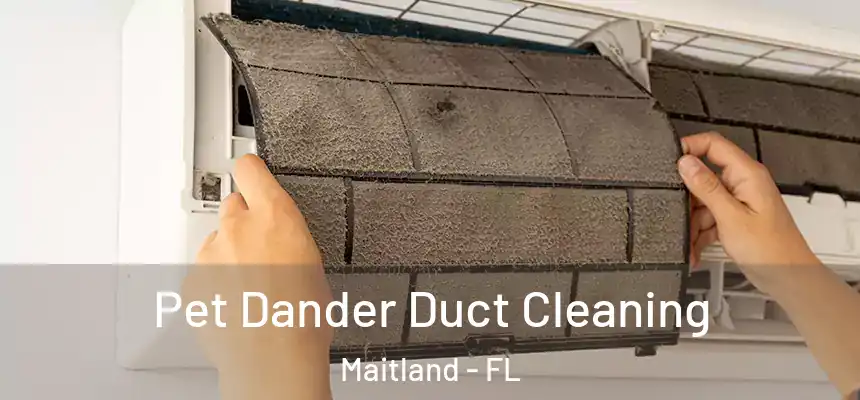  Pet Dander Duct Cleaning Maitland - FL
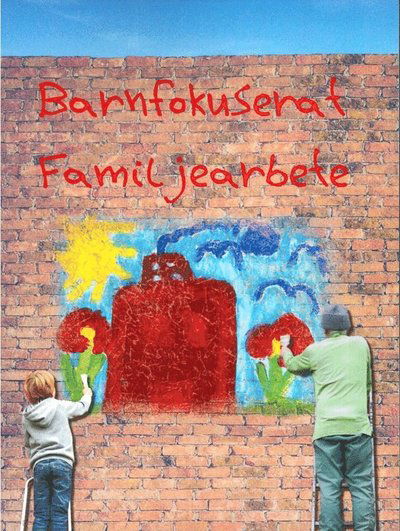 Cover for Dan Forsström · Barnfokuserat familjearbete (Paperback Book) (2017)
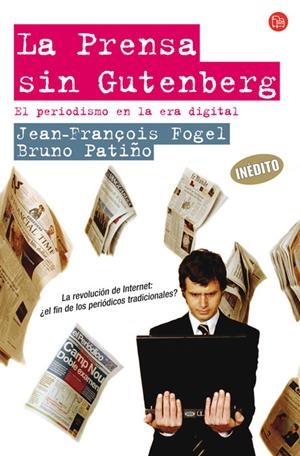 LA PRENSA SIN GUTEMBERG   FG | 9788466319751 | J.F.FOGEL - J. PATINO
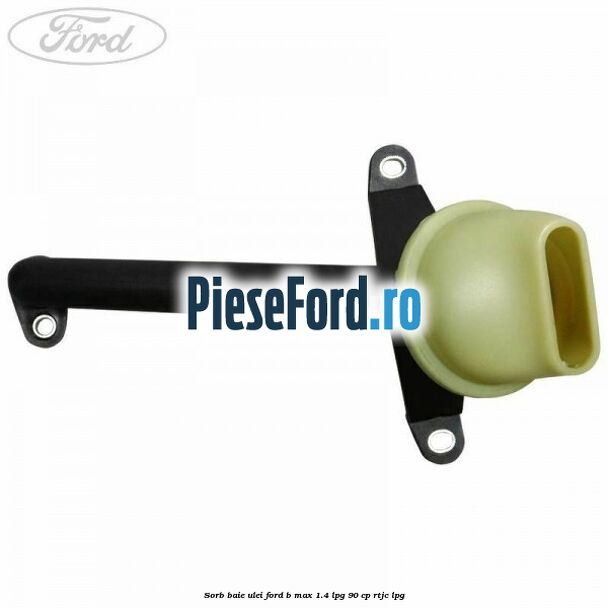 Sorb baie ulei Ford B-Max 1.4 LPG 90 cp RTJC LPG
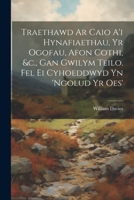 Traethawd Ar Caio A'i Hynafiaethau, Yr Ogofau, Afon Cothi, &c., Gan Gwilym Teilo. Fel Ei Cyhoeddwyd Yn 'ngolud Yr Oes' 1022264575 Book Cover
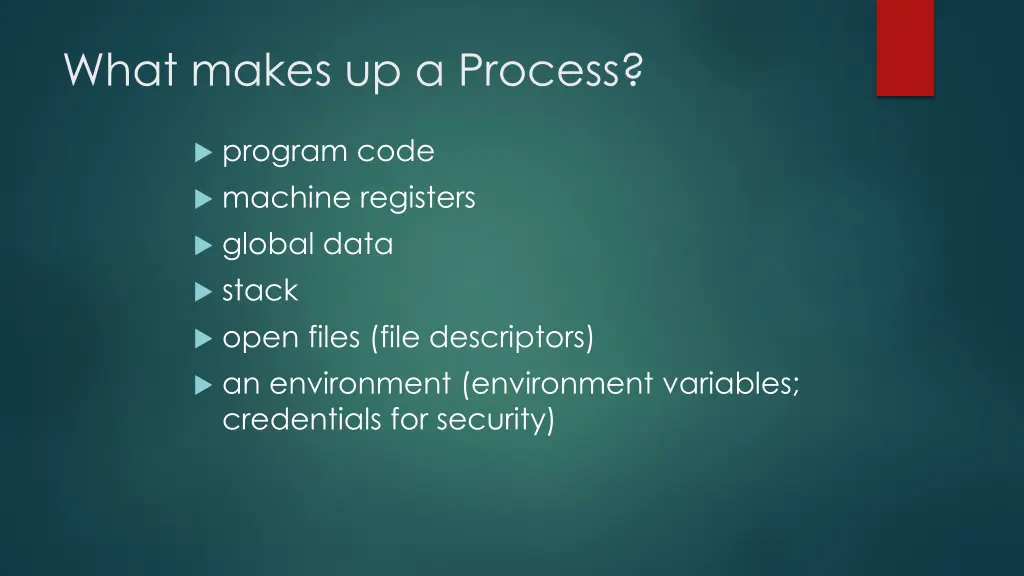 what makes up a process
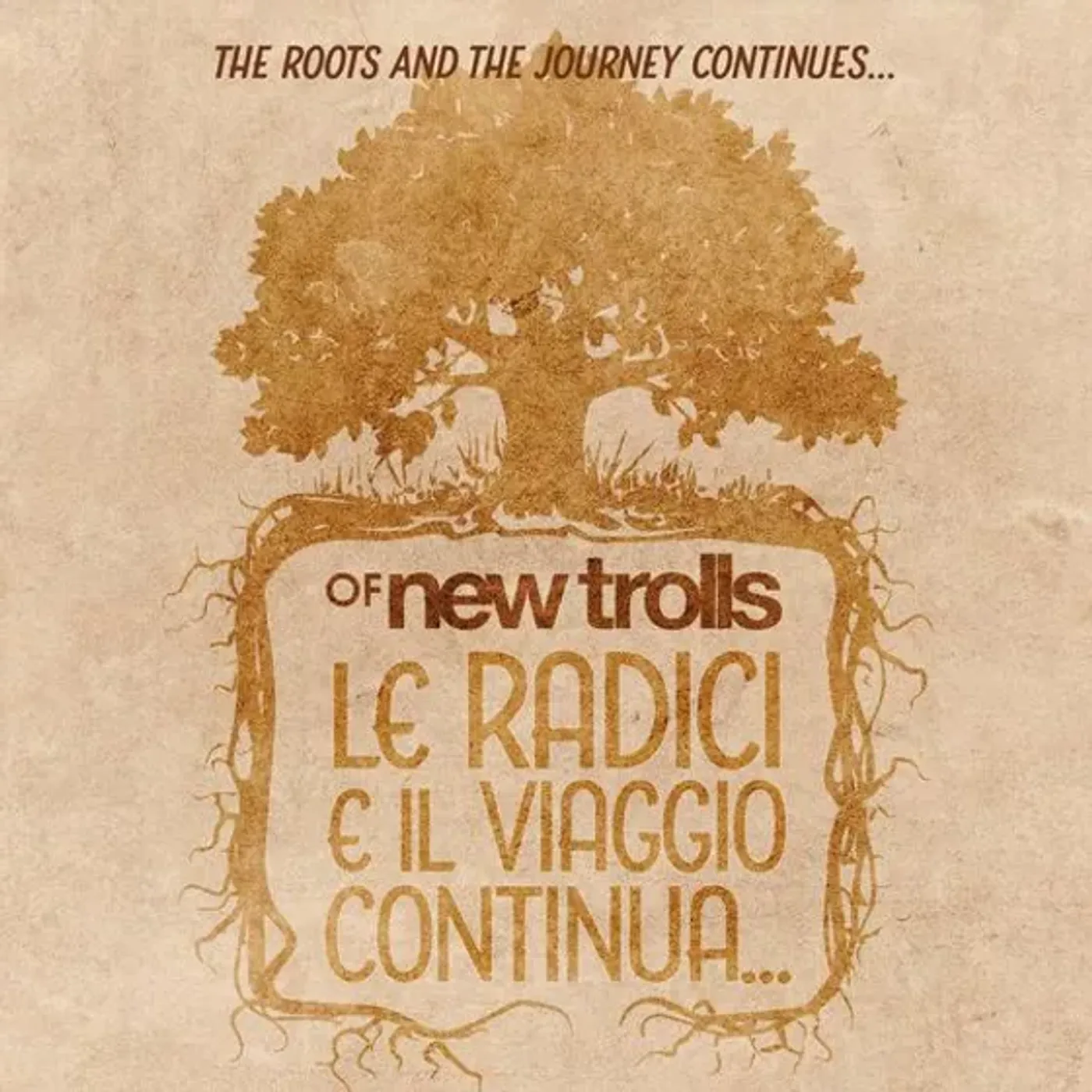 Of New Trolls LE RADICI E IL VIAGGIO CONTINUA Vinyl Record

---

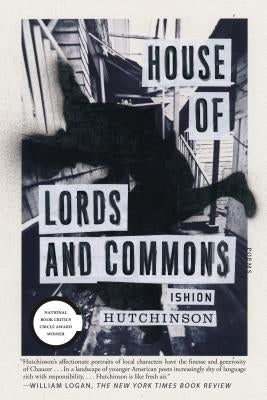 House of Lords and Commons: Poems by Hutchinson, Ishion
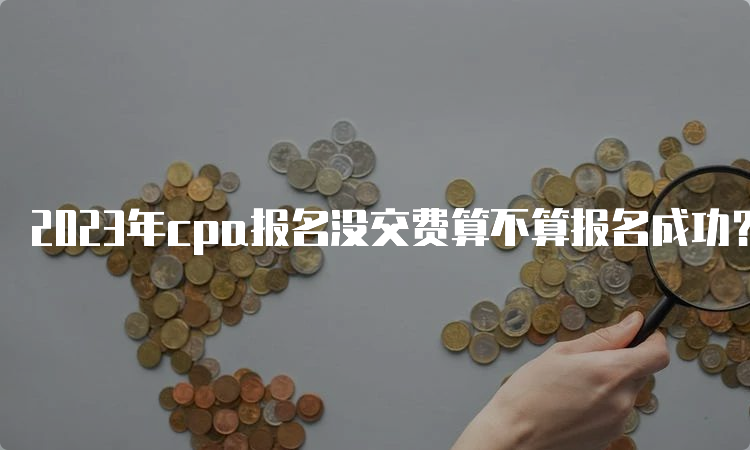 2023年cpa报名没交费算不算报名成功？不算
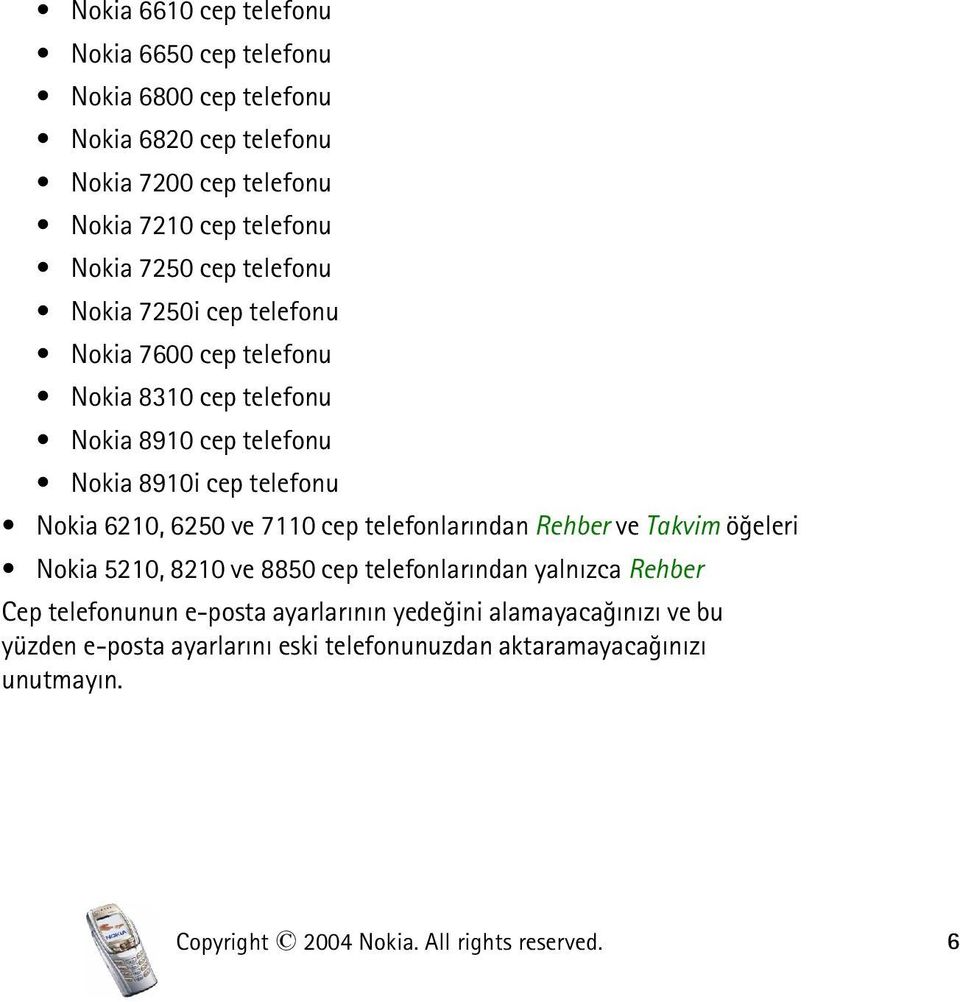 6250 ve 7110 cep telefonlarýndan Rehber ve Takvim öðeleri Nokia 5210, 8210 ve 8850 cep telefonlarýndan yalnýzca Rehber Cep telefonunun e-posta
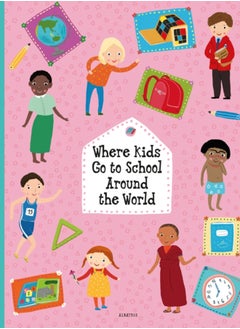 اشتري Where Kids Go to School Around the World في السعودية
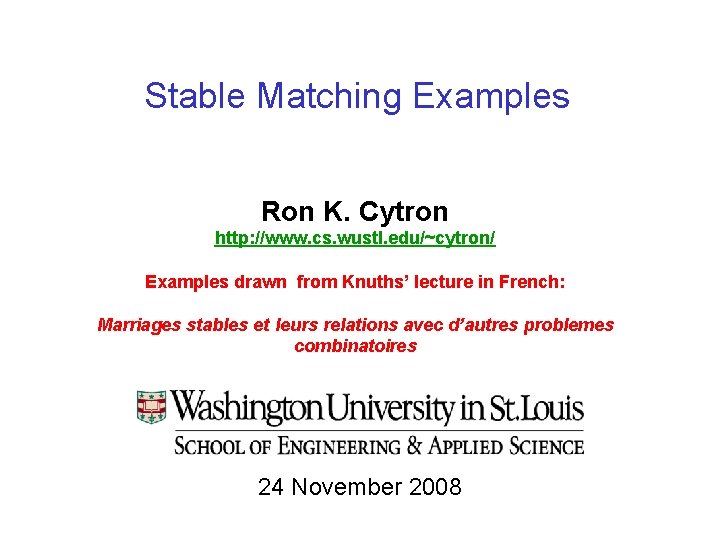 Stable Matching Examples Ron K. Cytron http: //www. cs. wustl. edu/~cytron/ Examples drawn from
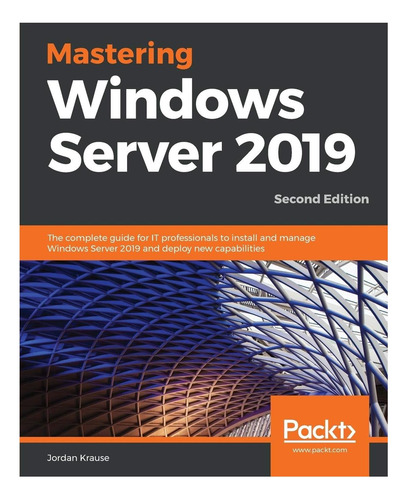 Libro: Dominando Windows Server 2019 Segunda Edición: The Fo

» Work required
Here the job is to copy the listing above word for word, starting at the line with "LA PRENSA SIN" and ending at the line with "Of New Trolls", and to leave out the pictures.

» Written response
 LA PRENSA SIN GUTEMBERG   FG | 9788466319751 | J.F.FOGEL - J. PATINO
 Sorb baie ulei Ford B-Max 1.4 LPG 90 cp RTJC LPG
 Traethawd Ar Caio A'i Hynafiaethau, Yr Ogofau, Afon Cothi, &c., Gan Gwilym Teilo. Fel Ei Cyhoeddwyd Yn 'ngolud Yr Oes' 1022264575 Book Cover
 what makes up a process
 Of New Trolls LE RADICI E IL VIAGGIO CONTINUA Vinyl Record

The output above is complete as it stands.